── Source records ──
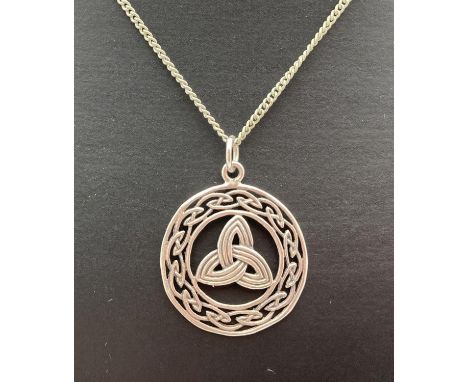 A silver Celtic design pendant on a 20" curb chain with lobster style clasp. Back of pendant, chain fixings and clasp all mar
───
── Source records ──
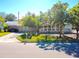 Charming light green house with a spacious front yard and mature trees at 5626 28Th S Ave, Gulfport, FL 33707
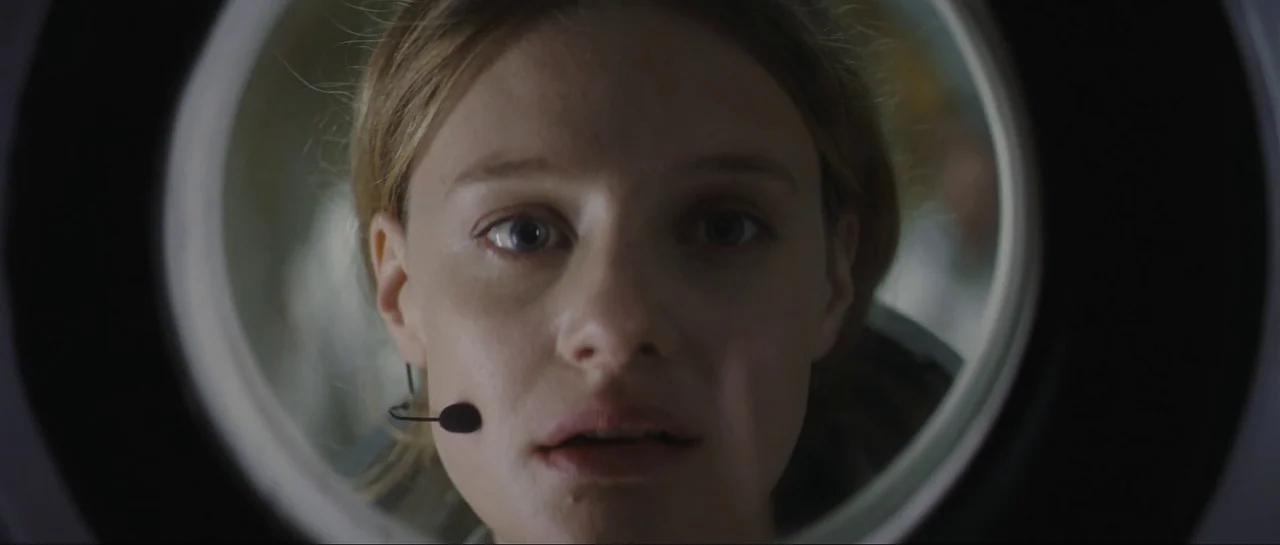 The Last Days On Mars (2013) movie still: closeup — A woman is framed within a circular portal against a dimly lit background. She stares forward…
───
── Source records ──
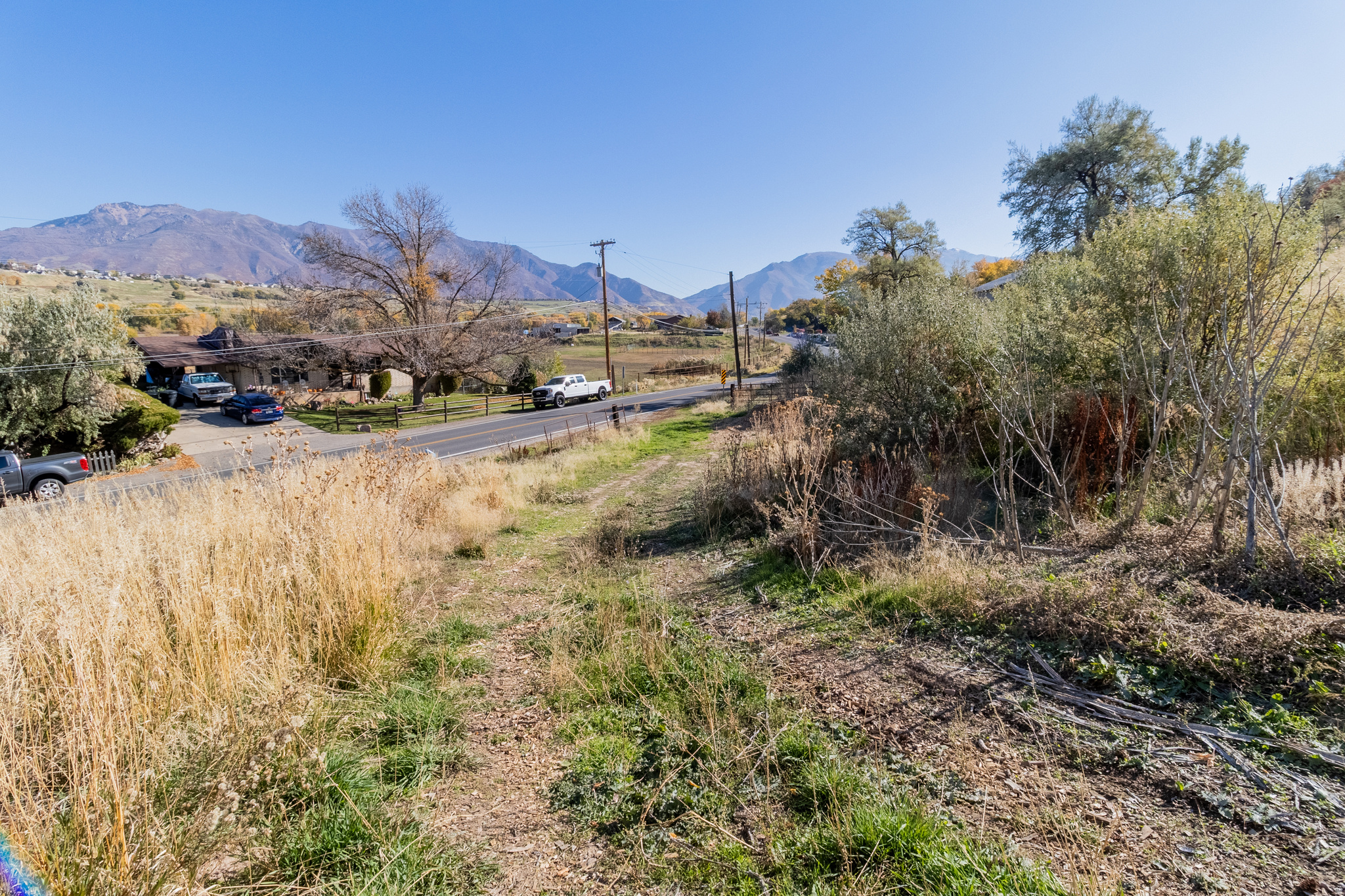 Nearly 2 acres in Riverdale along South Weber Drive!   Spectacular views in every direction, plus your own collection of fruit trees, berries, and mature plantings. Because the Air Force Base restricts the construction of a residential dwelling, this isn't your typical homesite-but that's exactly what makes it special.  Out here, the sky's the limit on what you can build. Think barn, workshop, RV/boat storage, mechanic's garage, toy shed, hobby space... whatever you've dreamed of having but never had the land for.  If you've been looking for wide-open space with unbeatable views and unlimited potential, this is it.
───
*Work to be completed*
Among the entries above, take the line with "Charming light green", the line with "The Last Days", and all the lines between them, and restate them word for word without pictures.

*Solution to the problem*
 Charming light green house with a spacious front yard and mature trees at 5626 28Th S Ave, Gulfport, FL 33707
 The Last Days On Mars (2013) movie still: closeup — A woman is framed within a circular portal against a dimly lit background. She stares forward…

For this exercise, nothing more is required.